なぜなら、150万円に達する前に、社会保険料の支払い義務に関する「106万円の壁」あるいは「130万円の壁」があるからです。
現状、「106万円の壁」または「130万円の壁」を超えて社会保険料の支払い義務を負うのは構わないが、「150万円の壁」を超えて所得税等の納税義務は負いたくない、と考える人は、事実上ごく少数にとどまるとみられます。
◆税制優遇がなくなる「201万の壁」とは
したがって、問題はもっぱら「201万円の壁」(厳密には「201万6,000円の壁」)ということになります。
「201万円の壁」は、配偶者特別控除の対象となる限度額をいいます。
配偶者特別控除の額は「150万円の壁」(所得金額95万円)を超えると段階的に引き下げられていきます。

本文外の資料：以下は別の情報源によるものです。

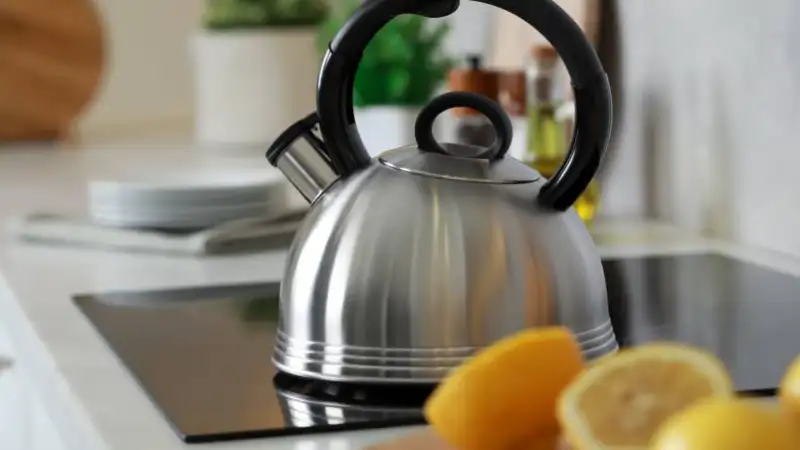 جرم گیری داخل کتری استیل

そして、年収201万5,999円(所得金額133万円)を超えると、控除が受けられなくなるのです。
最低賃金引き上げで「壁」の問題が浮き彫りに
「年収の壁」については、古くから以下の問題が指摘されてきています。
・「年収の壁」の内側の人と外側の人との間で不公平が生じている
・「年収の壁」が女性の社会進出を阻んでいる
・物価も最低賃金も上昇してきているのに「壁」の額が変わっていない
このうち「女性の社会進出を阻んでいる」という点については、2014年に当時の安倍晋三首相が「女性の就労拡大を抑制する効果をもたらしている」と明言しています(第1回経済財政諮問会議・産業競争力会議合同会議議事要旨P.13参照)。

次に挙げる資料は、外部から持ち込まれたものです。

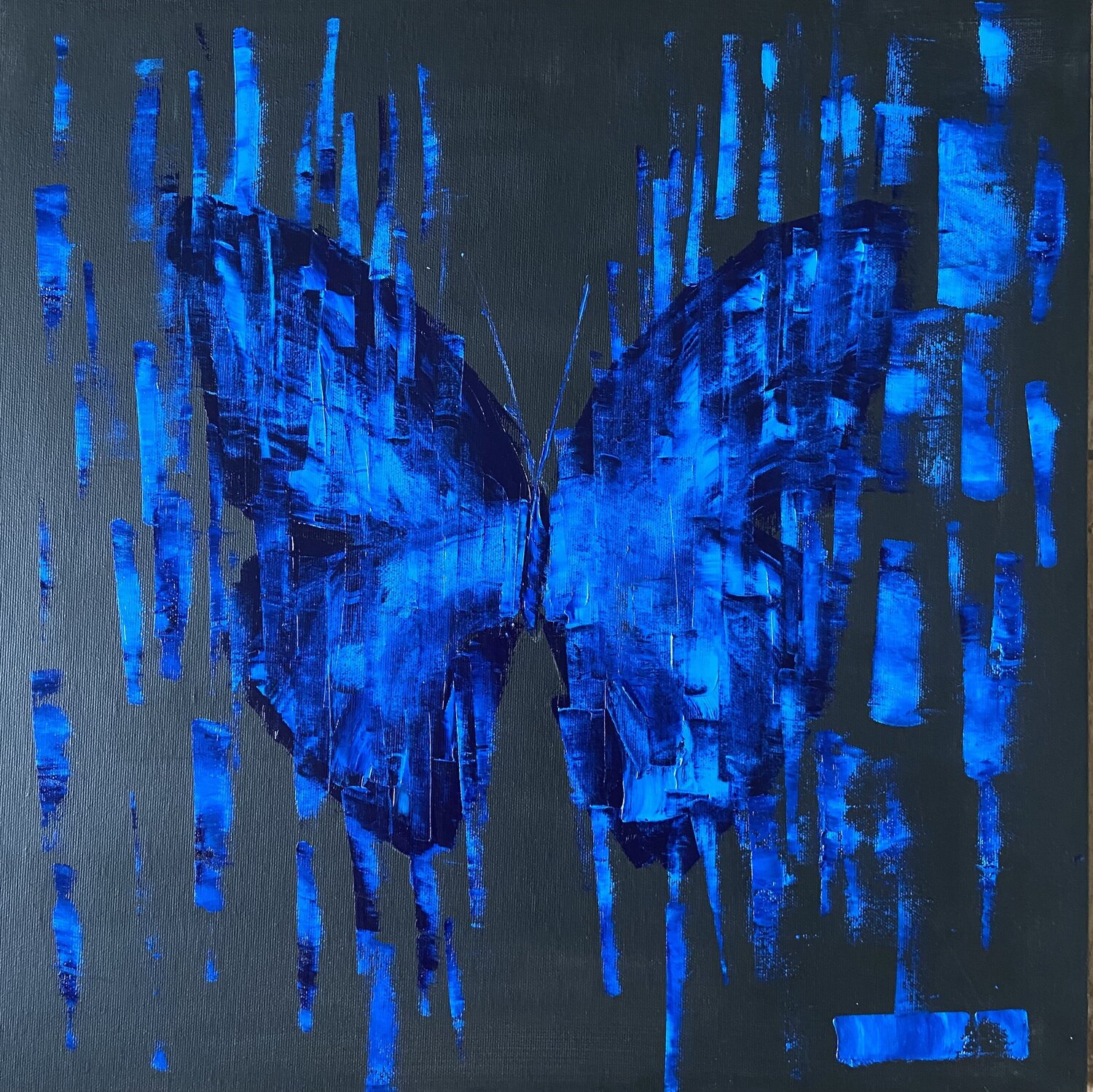 MATRIX BUTTERFLY NIGHT Helen She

また、物価や最低賃金の上昇との関係についても、そのたびに「壁」を気にして労働時間を減少させなければならない不合理が指摘されています。特に、老後資金の準備が重要になってきているなか、「壁」により老後資金準備のための経済活動まで抑制されるのであれば、深刻な問題となります。
女性の社会進出が進み、共働き世帯が多数となり、老後資金2,000万円問題等もあるなか、社会保険料、所得税のいずれについても、「年収の壁」の制度の抜本的な見直しが迫られています。